We met L&T’s senior management, which remains confident on order inflows and E&C margin guidance, and expects revenue growth to pick up in 2H14. L&T is now trading at GFC valuation, at 10x FY14E earnings. Our stress case analysis suggests that L&T’s current valuation builds in close to zero earnings growth in perpetuity.
Our stress case builds in no order inflow growth from FY15, margins to decline by 150bps and working capital to expand further by 25%, apart from missing on all guidance parameters in FY14. The current price values the core business at 10x FY14E stress case earnings — the same multiple from where the stock rebounded during the financial crisis and Dec 2011 lows.
L&T is on track to achieve 20% growth in FY14 order inflow, as 1H orders are likely to be at R50,000 crore, ~50% of the target – and 2H is usually a much bigger period for orders.
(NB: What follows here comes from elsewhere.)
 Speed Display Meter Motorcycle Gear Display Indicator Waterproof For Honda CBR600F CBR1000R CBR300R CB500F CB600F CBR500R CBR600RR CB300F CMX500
Management expects domestic building & factories orders to continue and is well-placed in some power & ME transportation orders.
As per L&T, revenue growth of 5% in Q1 was more or less in line with internal budgets and the company has factored in an improvement in 2H to achieve 15% revenue growth target.
The company has rebounded from ~10x one-year-forward PER twice in the last 10 years — the GFC and Dec 2011 — close to the valuation lows it had hit in 2003, when it traded at 8x PER. However, L&T’s balance sheet is in a much stronger position than 2003, justifying some premium. We maintain outperform with price target of Rs 1,198 as its quality is unmatched in the space.